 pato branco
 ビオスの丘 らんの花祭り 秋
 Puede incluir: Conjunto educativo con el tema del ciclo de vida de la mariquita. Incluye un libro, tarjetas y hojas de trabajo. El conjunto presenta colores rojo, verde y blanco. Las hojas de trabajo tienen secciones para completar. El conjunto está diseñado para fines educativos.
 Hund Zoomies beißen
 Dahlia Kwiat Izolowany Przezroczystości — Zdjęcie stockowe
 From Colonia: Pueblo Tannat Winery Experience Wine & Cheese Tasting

==

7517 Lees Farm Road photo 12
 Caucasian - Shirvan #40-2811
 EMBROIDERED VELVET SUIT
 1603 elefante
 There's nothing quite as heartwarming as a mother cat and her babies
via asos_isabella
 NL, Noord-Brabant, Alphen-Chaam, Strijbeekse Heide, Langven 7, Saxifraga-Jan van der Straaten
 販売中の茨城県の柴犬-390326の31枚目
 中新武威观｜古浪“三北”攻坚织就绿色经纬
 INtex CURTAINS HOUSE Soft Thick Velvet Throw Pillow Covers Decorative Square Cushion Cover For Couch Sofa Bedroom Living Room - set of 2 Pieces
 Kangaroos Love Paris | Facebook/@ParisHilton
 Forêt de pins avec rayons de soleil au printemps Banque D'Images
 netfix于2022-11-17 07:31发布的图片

__Aim of the exercise__:
Working from the material above, restate word for word the lines between the line with "Puede incluir: Conjunto" and the line with "Hund Zoomies beißen", both included, and only those.

__Answer box__:
 Puede incluir: Conjunto educativo con el tema del ciclo de vida de la mariquita. Incluye un libro, tarjetas y hojas de trabajo. El conjunto presenta colores rojo, verde y blanco. Las hojas de trabajo tienen secciones para completar. El conjunto está diseñado para fines educativos.
 Hund Zoomies beißen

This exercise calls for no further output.